Alii Health Center employees say their patients used to joke that trying to find parking at some of the center’s five offices was causing high blood pressure.
That excuse is gone now that the center has consolidated its offices into two suites in the Keauhou Shopping Center, employees said as they walked through the new work space earlier this week.
The center is holding a private blessing ceremony tonight, but it started seeing patients in early July, after months of planning the move.
“The accessibility, the central location, it’s great for physicians” and patients, Executive Director Debra Sundberg said. The offices are just 10 minutes from Kona Community Hospital, which they can reach easily via the Mamalahoa bypass, she added. “We are in the perfect spot.”
Sundberg negotiated a 10-year lease that included the cost of renovations. In turn, the health center now has 8,400 square feet of space, compared with 5,600 square feet of space in its previous offices.

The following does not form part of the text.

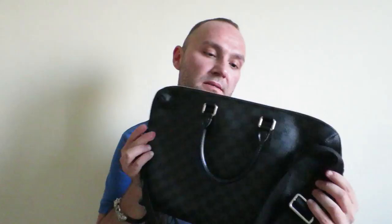Alright guys, so this is my Louis Vuitton Porte Documents Jour bag in Damier Graphite. I hope you enjoyed this video. If you have any questions, leave them in the comment box below. If you liked the video, hit the thumbs up, like it, and subscribe to my videos. I hope to do some very soon and I hope to talk to you in the next video. Thank you and bye for now.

Walls are still somewhat bare — she’s looking for local artists who might be interested in displaying artwork in the clinics — and equipment is still arriving, but the new offices are “functional,” Sundberg said.
The new digs aren’t the only reason for the center to be celebrating. As of November, the clinics will have added four new doctors this year, including an obstetrician who starts next month and an orthopedic surgeon who arrives Nov. 1, Sundberg said. The obstetrician will also look to hire a nurse midwife, she said.
Alii Health’s surgeons will now be able to do more procedures in-house. The clinic has also added an X-ray machine.
With those additions, the clinic will have completely filled the new offices. That’s OK, Sundberg said. Next comes at least a year of increasing the clinic’s patient load and getting the new doctors settled in. At that point, she said, she might start thinking about recruiting and expanding again.
“What we need now is some time to get all of this running smoothly and well,” Sundberg said. “We’ve done this burst of growth. It’s aggressive to bring in four new doctors at once.”
The expanded office space, and updated equipment, helped attract some of the newer doctors, she added.
“It’s important not just to get them here, but keep them here,” Sundberg said.
The center, which is part of the Hawaii Health Systems Corp., gets $600,000 in subsidies annually.